BECKER: Yo diría que, en un sentido bastante inmediato, televisión puede significar aquí ilustración, clarificación. Pero al mismo tiempo tenemos que ser conscientes de que en estos campos la capacidad de ordenar lo visto es, naturalmente, pequeña, y que precisamente ahí donde los efectos clarificadores de la televisión son más fuertes es donde resulta a la vez más intensa su fuerza seductora. Por todo ello es tan importante y difícil la cuestión.

KADELBACH: Tal como usted plantea las cosas el desafío fundamental radica, si no le he entendido mal, en la necesidad de conseguir que el mayor número posible de personas comprenda esta tendencia clarificadora de la televisión y aprenda a contar con ella en su propia existencia, o de cara a su personalidad, o en su vida.

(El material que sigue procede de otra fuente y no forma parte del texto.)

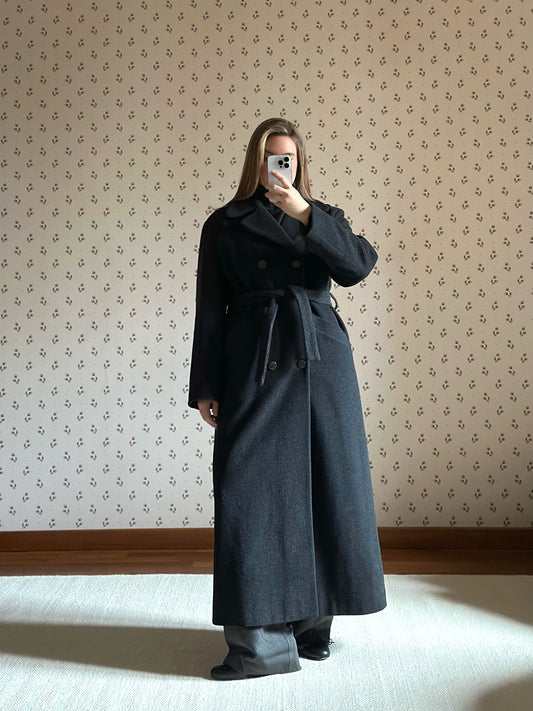 Long Gray Wool & Cashmere Belted Coat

BECKER: Sí. Diría, ante todo, que las personas que «hacen» la televisión tienen que reflexionar con todo cuidado y precisión sobre lo que hacen.

ADORNO: Pienso que el concepto de información resulta, en principio, más adecuado a la televisión que el de formación cultural, que dudo un poco en utilizar y que no guarda una relación demasiado inmediata o cabal con lo que ocurre en la televisión.

Considero también que la información va siempre más allá de la simple transmisión de hechos cuando al contemplarse, por ejemplo, las escenas del Parlamento éstas son vistas realmente en conexión con la forma en que el semanario Der Spiegel[6] ha tratado el asunto. En la medida, pues, en que no son vistas como caídas del cielo, tiene lugar el aprendizaje de una manera mejor de ver, de una manera de ver capaz de reforzar el juicio político, la capacidad de enjuiciar políticamente, muy superior a la de quien ha escuchado sólo quién sabe cuán largas exposiciones sobre los métodos que han de ser aplicados para que un proyecto de ley se convierta en ley.

Por lo demás, Sr. Becker, comparto enteramente la tesis de que habría que enseñar a ver la televisión a los espectadores. Hasta qué punto llega mi coincidencia con usted es cosa que se desprende ya del título, un tanto irónico, desde luego, de mi trabajo sobre la televisión realizado en Estados Unidos: «How to look at television?», que significa más o menos lo siguiente: «¿Cómo convertirse en un buen televidente?». Pero una vez eliminada, si se me permite hacerlo, la ironía de este título, sin ofender por ello a quienes están ahora escuchando, sigue con todo latiendo en él la cuestión de fondo: cómo hay que ver la televisión para no dejarse engañar, esto es, sin sucumbir a la televisión como ideología. Con otras palabras: la enseñanza que ha propuesto usted en el coloquio sobre estos medios no debería proponerse sólo capacitar a los espectadores para elegir lo adecuado, sino que debería desarrollar de entrada sus capacidades críticas; debería poner a las personas en condiciones de desenmascarar ideologías, por ejemplo; debería ponerlas al resguardo de identificaciones falsas y problemáticas, y debería, sobre todo, protegerlas de esa propaganda general a favor del mundo que viene ya inmediatamente dada por la simple forma de estos medios, con anterioridad a todo contenido.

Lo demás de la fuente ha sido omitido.